İnsanın doğası gereği din, metafizik ve mitoloji gibi bilgi kaynaklarına ihtiyacının inkar edilemeyeceğini vurgulayan Coşkun, şöyle devam etti:
"Bilim insanları son 200 yıldır 'Bilimin din, metafizik ve mitolojiye ihtiyacı yoktur.' paradigması doğrultusunda bilim üretiyor. Bu kaynakları devre dışı bırakıyor ki, biz buna pozitivizm diyoruz. Pozitivizm felsefesi de insanı zaten üç evreye ayırıyor. Teolojik evre, metafizik evre ve insanın olgunluğa erdiği bilimsel evre. Pozitivistler, insanın daha önce terk etmiş olduğu din ve metafizik evrelere başvurulmaması gerektiğini savunur. Pozitivizm ekolü, bu çerçeveyi çizdi ve o günden bu yana bilim insanları bu çerçeve dahilinde bu çalışmaları yürütüyor."
19. ve 20. yüzyıllarda pozitivizmi destekleyen inancın daha da yaygınlaştığını anlatan Coşkun, şunları kaydetti:
"Bilimin son 200 yılda elde ettiği göz alıcı başarılar, bu inancı daha da destekledi. Şu anda bilim olmayan bir düşüncenin düşünce olup olmadığı bile şüpheli hale gelmiş durumda. Bilim dışı her düşünce hezeyan olarak algılanıyor ve tartışmaya değer bile görülmüyor.
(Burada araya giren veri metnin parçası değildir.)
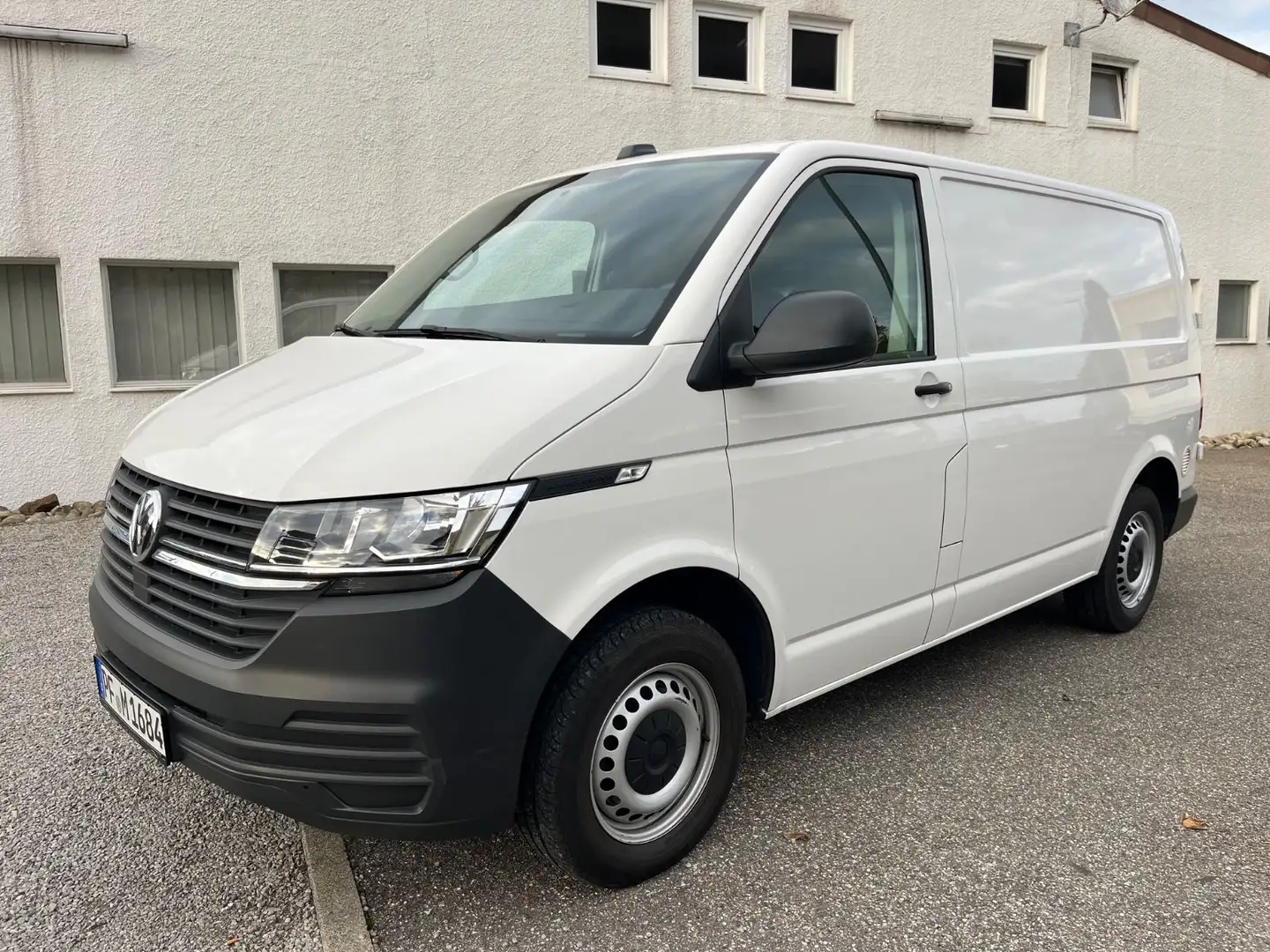 Volkswagen T6 Transporter T6.1 2.0 TDI, Top Zustand, Navi, AHK, Klima Weiß - 1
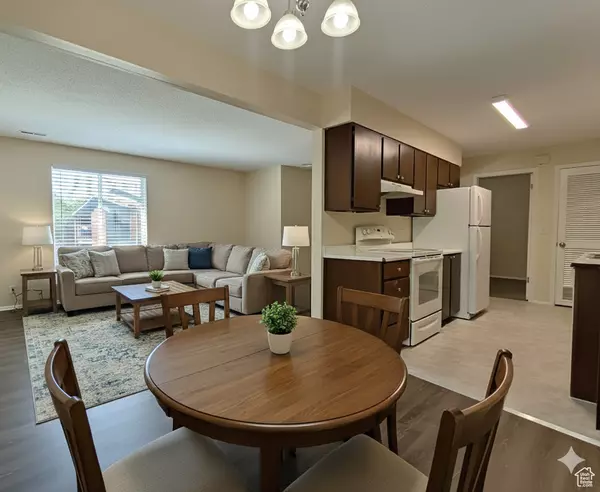 Roy, UT 84067,4536 S 1900 W #A12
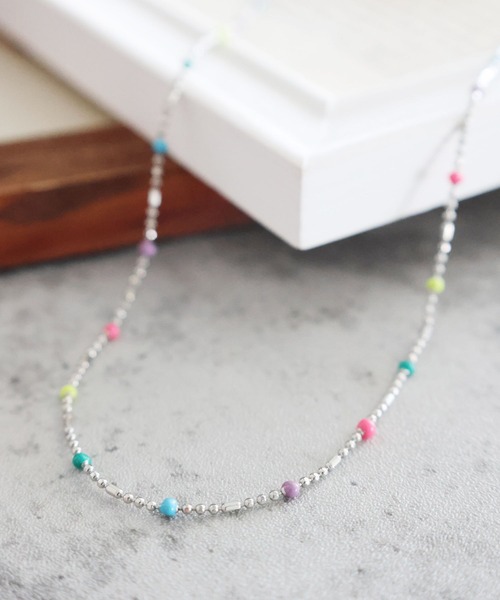 niko and...（ニコアンド）の「マルチパーツコンビネックレス（ネックレス・レディース・ライトブルー/ブラック/オフホワイト/グレー/イエロー/レッド/グリーン/ホワイト・0）」の4枚目の写真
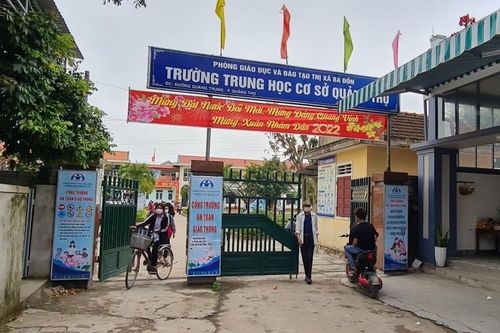 Nhân viên y tế bị kế toán đánh trong phòng hiệu trưởng vì tố tiêu cực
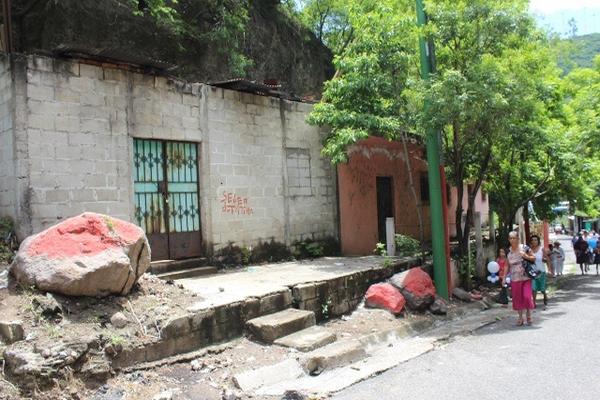 Vecinos de Valle Nuevo, Jalpatagua, señalan que el mosquito se reproduce en viviendas abandonadas. (Foto Prensa Libre: Óscar González)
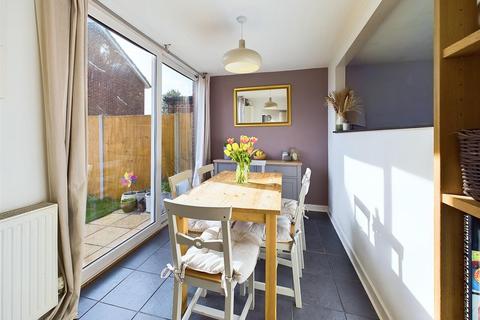 23 Grove Road, Churchdown, Gloucester, GL3 2SW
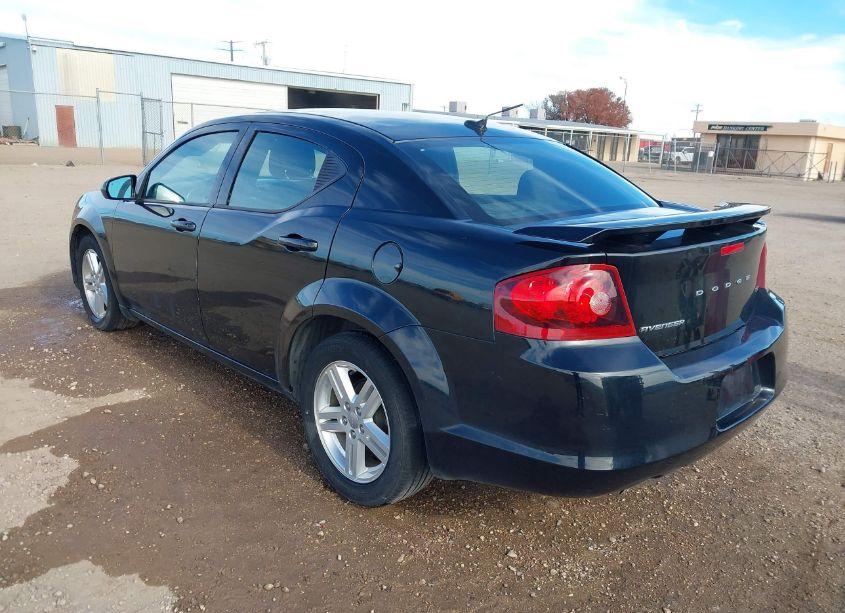 Photo 3 of 2013 Dodge Avenger SXT (VIN 1C3CDZCG6DN531490)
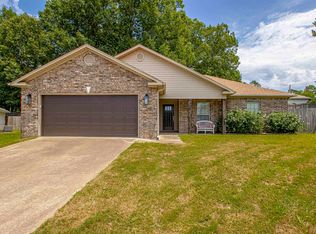 202 Wild Ivy Cv, Benton, AR 72015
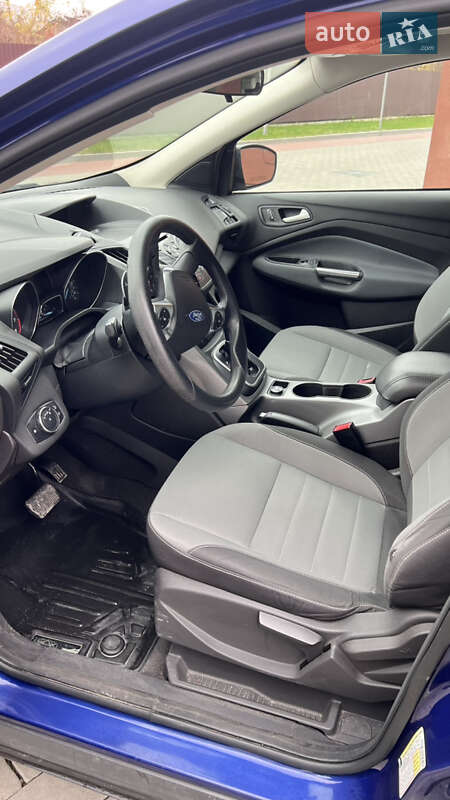 Внедорожник / Кроссовер Ford Escape 2012 в Ивано-Франковске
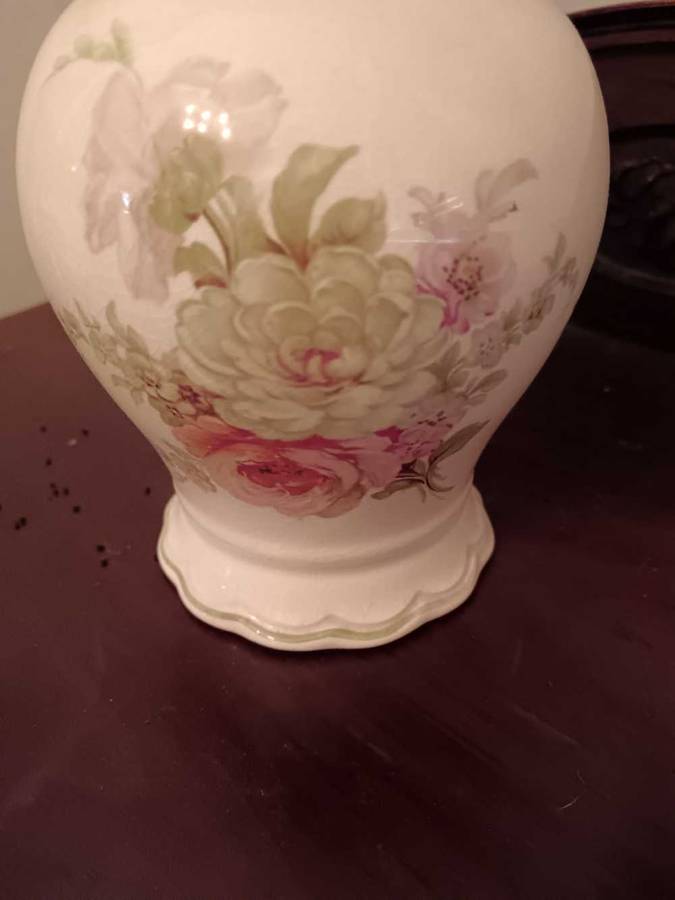 Royal Winton Rose Pattern Ginger Jar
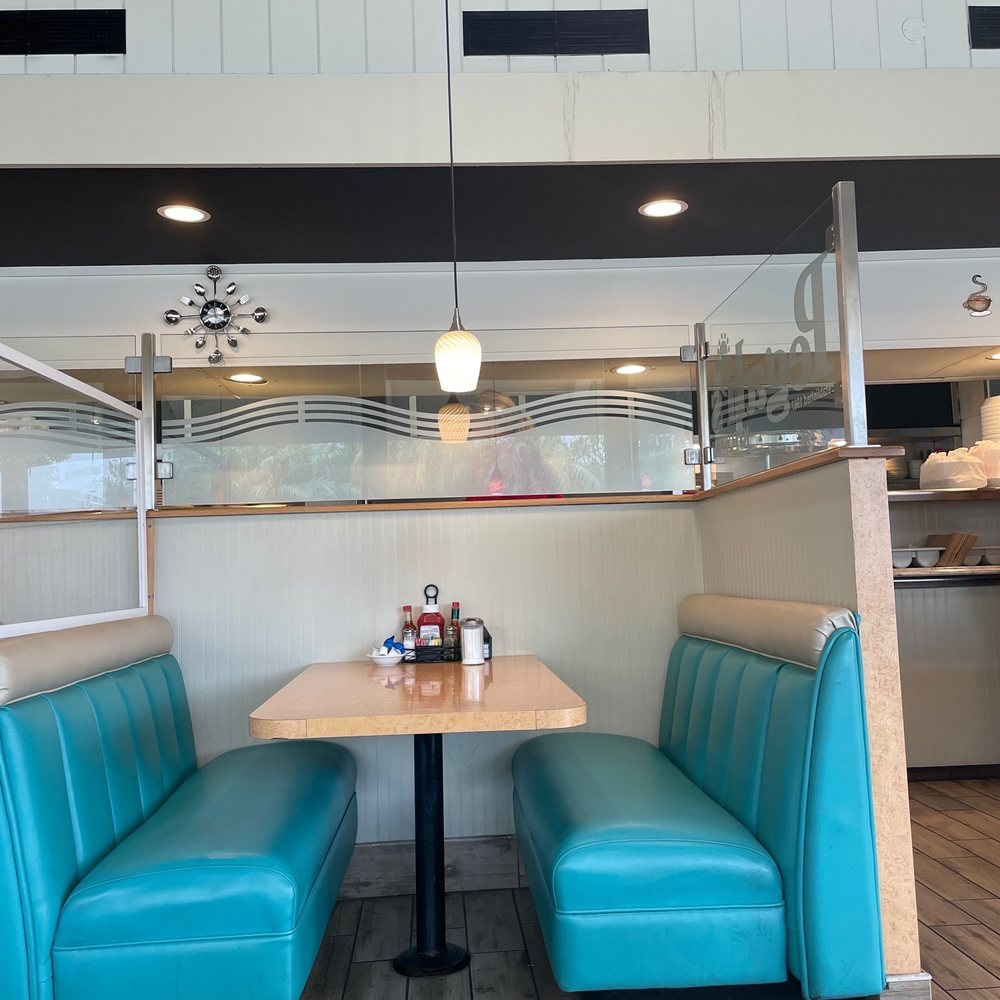 Pegah's Kitchen - Seating - American Near Me - Vista, California Pegah's Kitchen - Seating - American Near Me - Vista, California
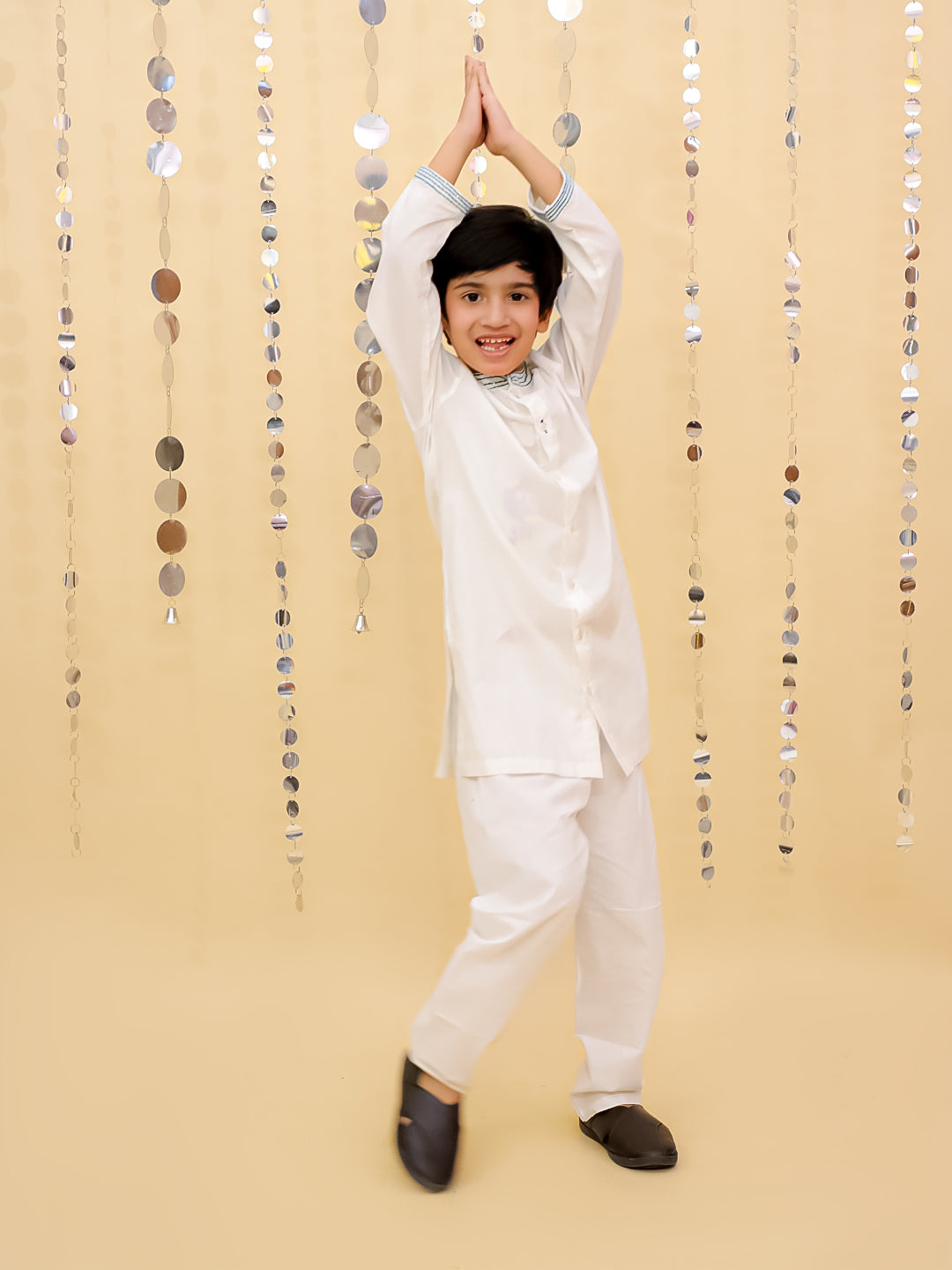 Shor-Gul White Kurta Pyjama Set For Boys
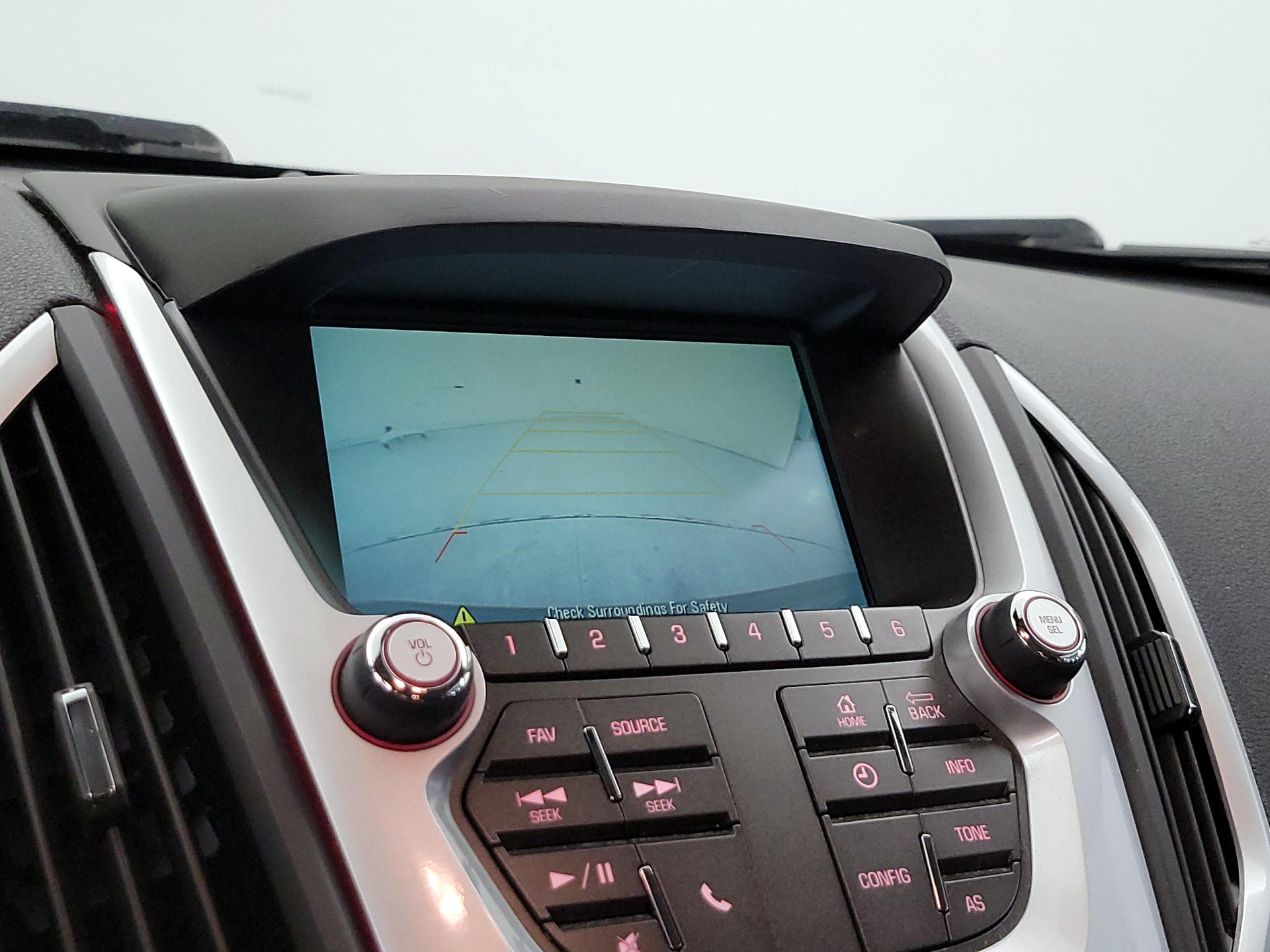 Thumbnail: 2016 GMC Terrain - 13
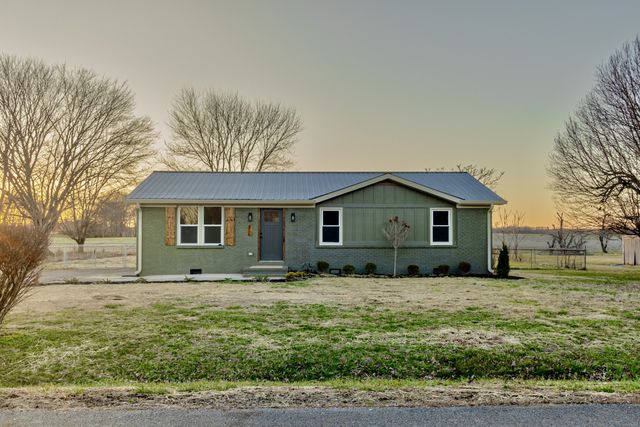 77 Royal Dr, Rock Island, TN 38581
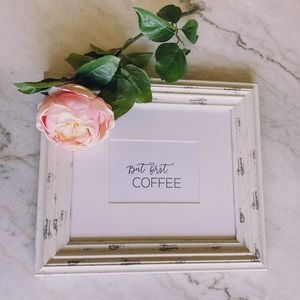 White rustic picture frame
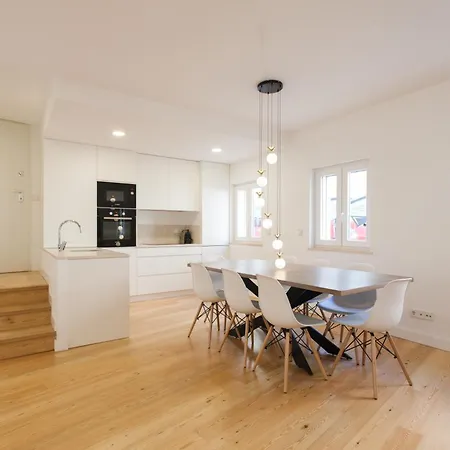 Mouraria Blue Three-bedroom W/ Parking - By Lu Holidays
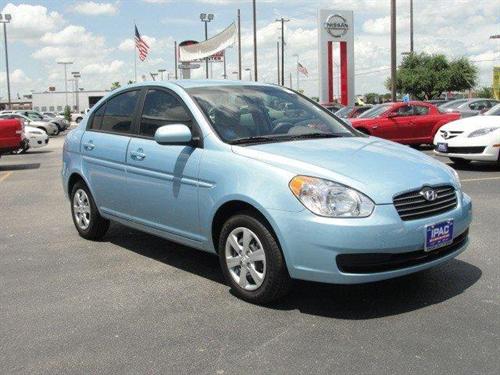 Hyundai Accent 2010 photo 2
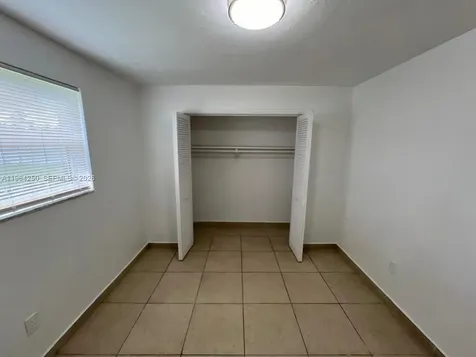 3921-3923 NW 164th Street Miami Gardens FL 33054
Buna göre tek gerçek olan düşünce, bilimsel düşüncedir, onun dışında oluşan düşünceler kurgudur. Ünlü bir filozof bunu 'bilim kilisesi' olarak nitelendirmiştir. Yani nasıl Orta Çağ'da Katolik kilisesi bilim olana, bilim adamına söz hakkı tanımadıysa bugün de bilim kilisesi bilim olmayana yaşam hakkı vermiyor. Bilim kilisesi, Orta Çağ'ın intikamını dinden ve metafizikten alıyor modern çağda. Bilimin bilim dışı her şeyi inkarı, beraberinde her düşüncenin kendisini bilim çerçevesine oturtma çabasına neden oldu. Bu da bilimin sahtesi olarak karşımıza çıkıyor.''
- "En can alıcı soru"
Prof. Dr. Cevdet Coşkun, "Bilimle bilim olmayanın ayrımı nasıl yapılacak?" sorusunu "en can alıcı soru" olarak nitelendirerek, şu değerlendirmelerde bulundu:
"Bilim tanımının netleşmesi ile bilim varoluşsal tüm sorunlarımıza yanıt verebilir mi? Bilim nedir sorusu, cevaplanması en zor sorulardan biridir. Net bir tanımı yok. Birçok tanımı var. Ama ben birçok tanım içinde sadece bir tanesini teklif ediyorum. Bilim aklımızı ve duyusal yeteneklerimizi kullanarak doğayı, doğanın içindekilerle birlikte açıklamamızdır. İnsanoğlu doğayı çok farklı araçlarla, yaklaşımlarla anlamaya çalışmıştır. Fakat bilim dediğimiz şey; bunu yasal bir çerçeve içinde tanımlar. Bilim doğayı açıklarken hiçbir duyusal yetisini kullanmaz. Duyusal yapılan her çalışmayı bilim metafizik olarak niteler ve bilimsel tanım koymaz. Oysa ki metafizik olması onun doğru olmadığı anlamına gelmez. Fakat pozitivist kuram tek anlamlı ve değerli olanın bilim olduğunu düşündüğü için bilimsel olmayan şeyin de doğru olmadığına, değerli olmadığına dair bizi düşünmeye zorluyor. Ama bize göre, pozitivistlerin aksine bir düşünce bilimsel temeli olmasa da bilgidir ve doğrudur."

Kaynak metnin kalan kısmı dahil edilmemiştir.